[Work item]:
Below are some records; quote exactly the lines from the one that contains "WR-7 FM / BT" through the one that contains "An illustration from", inclusive, and no others.

..........

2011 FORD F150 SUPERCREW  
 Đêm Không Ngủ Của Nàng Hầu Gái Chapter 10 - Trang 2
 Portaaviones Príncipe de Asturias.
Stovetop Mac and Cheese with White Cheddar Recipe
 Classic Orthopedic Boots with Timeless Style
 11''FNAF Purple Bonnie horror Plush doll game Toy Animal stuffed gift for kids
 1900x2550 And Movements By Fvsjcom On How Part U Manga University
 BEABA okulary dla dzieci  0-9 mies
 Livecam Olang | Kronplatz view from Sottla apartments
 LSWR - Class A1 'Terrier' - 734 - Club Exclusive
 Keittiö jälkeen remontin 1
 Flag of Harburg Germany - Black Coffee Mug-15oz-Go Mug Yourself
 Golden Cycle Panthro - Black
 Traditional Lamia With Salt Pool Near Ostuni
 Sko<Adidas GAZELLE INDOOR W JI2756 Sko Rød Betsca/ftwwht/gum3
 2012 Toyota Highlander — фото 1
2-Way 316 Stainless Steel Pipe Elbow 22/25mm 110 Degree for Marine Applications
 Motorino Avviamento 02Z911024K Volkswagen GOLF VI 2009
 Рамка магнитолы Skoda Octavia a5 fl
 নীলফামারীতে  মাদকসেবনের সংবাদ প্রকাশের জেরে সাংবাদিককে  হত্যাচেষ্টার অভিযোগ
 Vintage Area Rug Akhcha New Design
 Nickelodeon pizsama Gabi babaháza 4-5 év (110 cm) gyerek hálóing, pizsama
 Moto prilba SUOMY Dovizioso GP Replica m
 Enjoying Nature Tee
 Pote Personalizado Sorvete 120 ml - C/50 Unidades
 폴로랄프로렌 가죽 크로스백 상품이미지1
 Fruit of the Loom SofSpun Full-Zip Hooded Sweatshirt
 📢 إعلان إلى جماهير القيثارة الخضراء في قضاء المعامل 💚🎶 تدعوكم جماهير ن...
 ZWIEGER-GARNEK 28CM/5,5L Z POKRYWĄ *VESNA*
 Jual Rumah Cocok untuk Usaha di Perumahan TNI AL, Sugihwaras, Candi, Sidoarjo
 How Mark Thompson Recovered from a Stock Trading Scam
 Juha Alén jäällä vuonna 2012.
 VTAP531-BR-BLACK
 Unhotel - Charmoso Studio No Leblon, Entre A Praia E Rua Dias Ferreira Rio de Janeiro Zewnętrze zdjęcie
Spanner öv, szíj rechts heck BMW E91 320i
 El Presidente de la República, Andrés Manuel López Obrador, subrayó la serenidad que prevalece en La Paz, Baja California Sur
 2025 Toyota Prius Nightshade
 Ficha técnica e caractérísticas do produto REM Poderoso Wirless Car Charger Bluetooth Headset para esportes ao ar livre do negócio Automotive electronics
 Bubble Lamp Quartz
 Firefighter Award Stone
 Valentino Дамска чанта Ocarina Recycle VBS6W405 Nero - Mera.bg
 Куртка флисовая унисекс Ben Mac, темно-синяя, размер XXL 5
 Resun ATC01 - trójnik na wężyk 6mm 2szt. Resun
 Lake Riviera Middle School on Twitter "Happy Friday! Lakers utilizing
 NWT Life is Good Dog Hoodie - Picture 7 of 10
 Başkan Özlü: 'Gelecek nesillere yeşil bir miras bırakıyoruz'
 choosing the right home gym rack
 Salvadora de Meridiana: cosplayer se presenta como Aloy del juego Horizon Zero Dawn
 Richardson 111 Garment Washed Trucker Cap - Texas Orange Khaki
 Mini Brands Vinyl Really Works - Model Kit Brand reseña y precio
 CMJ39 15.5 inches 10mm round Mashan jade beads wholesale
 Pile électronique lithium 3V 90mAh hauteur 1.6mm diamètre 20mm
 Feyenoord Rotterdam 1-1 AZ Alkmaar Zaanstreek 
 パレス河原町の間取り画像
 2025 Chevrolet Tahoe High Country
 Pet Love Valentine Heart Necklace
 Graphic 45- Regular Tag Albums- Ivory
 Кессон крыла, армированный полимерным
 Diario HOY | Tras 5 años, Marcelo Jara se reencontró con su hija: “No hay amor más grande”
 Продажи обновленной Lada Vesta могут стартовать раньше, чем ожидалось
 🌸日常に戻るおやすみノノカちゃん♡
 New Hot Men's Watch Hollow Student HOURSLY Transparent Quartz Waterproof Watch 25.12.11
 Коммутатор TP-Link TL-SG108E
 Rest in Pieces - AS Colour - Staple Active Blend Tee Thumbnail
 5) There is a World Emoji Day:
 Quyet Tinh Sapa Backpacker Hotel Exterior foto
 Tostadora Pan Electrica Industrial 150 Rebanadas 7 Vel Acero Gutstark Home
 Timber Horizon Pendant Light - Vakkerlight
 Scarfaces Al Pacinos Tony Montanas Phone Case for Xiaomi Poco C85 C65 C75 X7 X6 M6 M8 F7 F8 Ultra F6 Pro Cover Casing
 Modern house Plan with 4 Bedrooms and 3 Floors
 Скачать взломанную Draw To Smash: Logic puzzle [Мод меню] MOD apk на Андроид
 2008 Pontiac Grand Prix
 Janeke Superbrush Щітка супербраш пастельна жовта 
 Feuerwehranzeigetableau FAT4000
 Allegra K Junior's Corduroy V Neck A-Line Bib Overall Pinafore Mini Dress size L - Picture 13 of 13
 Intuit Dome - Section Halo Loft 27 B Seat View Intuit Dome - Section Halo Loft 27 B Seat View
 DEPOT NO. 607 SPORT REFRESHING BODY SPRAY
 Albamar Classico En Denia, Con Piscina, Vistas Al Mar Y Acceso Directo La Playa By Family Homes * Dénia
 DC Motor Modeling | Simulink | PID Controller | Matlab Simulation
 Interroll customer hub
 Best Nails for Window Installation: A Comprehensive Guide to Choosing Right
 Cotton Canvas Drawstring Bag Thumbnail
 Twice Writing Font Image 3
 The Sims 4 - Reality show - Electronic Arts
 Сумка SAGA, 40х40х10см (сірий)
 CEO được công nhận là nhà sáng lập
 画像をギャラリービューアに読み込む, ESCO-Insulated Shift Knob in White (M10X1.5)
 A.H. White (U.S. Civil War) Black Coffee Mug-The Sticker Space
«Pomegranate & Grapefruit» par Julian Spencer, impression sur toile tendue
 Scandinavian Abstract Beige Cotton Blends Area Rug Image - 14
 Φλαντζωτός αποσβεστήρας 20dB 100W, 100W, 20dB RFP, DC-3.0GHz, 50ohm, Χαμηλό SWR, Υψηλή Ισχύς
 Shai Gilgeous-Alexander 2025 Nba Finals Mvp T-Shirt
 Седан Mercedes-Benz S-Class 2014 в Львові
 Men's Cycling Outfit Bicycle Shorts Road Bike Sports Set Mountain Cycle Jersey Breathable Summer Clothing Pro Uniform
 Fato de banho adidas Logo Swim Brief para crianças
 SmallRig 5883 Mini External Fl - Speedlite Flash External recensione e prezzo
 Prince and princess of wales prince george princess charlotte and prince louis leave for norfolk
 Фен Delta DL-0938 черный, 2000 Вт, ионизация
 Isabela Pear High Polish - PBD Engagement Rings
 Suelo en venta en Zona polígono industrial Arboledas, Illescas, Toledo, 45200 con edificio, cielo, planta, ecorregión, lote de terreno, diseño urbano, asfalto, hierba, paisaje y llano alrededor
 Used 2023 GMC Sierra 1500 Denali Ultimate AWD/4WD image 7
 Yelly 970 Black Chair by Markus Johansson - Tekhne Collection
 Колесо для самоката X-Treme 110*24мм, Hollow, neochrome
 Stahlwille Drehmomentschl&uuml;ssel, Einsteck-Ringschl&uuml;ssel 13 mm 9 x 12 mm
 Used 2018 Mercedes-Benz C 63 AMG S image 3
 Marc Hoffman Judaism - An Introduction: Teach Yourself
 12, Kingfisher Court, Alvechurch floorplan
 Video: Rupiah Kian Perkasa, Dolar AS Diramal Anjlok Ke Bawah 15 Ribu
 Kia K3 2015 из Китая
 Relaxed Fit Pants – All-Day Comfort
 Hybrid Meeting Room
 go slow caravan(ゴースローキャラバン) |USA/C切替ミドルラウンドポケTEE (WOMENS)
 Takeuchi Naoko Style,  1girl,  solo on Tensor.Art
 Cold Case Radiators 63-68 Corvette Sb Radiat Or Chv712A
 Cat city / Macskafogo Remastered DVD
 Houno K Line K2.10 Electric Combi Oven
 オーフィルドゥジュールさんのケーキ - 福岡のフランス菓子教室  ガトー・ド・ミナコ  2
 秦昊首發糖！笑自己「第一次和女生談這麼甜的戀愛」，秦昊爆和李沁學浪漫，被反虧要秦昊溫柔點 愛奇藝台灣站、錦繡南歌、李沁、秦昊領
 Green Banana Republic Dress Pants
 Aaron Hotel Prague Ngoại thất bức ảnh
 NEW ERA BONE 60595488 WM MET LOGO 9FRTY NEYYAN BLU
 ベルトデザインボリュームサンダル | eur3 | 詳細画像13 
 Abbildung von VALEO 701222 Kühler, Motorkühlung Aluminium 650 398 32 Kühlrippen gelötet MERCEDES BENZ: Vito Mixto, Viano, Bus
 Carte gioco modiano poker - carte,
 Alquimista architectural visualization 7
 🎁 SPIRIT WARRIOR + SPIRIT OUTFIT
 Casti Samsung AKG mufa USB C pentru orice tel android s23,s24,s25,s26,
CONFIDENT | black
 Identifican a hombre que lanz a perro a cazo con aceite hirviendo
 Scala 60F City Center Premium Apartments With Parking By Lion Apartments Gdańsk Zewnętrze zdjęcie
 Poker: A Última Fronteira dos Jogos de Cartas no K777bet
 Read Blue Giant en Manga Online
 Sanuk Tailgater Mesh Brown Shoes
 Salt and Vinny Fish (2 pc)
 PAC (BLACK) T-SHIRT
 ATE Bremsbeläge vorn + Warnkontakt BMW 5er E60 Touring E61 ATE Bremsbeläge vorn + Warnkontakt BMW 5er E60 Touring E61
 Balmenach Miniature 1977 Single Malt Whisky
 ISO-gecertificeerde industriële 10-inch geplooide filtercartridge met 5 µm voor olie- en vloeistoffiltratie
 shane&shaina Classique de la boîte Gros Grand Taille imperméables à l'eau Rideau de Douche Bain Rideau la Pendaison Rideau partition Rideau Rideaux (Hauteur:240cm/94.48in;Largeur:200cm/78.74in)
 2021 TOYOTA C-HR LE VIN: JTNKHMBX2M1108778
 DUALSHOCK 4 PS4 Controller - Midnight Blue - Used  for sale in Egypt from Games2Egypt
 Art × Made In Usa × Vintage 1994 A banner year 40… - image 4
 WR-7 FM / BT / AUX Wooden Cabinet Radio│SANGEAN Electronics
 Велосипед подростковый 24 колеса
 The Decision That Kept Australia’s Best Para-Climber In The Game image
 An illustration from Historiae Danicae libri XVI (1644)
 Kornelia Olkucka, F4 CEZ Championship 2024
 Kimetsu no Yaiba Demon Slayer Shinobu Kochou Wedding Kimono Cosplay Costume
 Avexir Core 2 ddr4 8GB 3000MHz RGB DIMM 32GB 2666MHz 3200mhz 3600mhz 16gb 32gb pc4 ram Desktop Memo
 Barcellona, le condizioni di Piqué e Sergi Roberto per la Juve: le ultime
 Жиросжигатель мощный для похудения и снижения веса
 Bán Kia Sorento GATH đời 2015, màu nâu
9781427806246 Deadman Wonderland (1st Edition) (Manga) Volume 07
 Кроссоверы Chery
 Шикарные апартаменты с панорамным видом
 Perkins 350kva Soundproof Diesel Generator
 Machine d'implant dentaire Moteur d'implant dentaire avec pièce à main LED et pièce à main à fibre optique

..........

[Problem solution]:
 WR-7 FM / BT / AUX Wooden Cabinet Radio│SANGEAN Electronics
 Велосипед подростковый 24 колеса
 The Decision That Kept Australia’s Best Para-Climber In The Game image
 An illustration from Historiae Danicae libri XVI (1644)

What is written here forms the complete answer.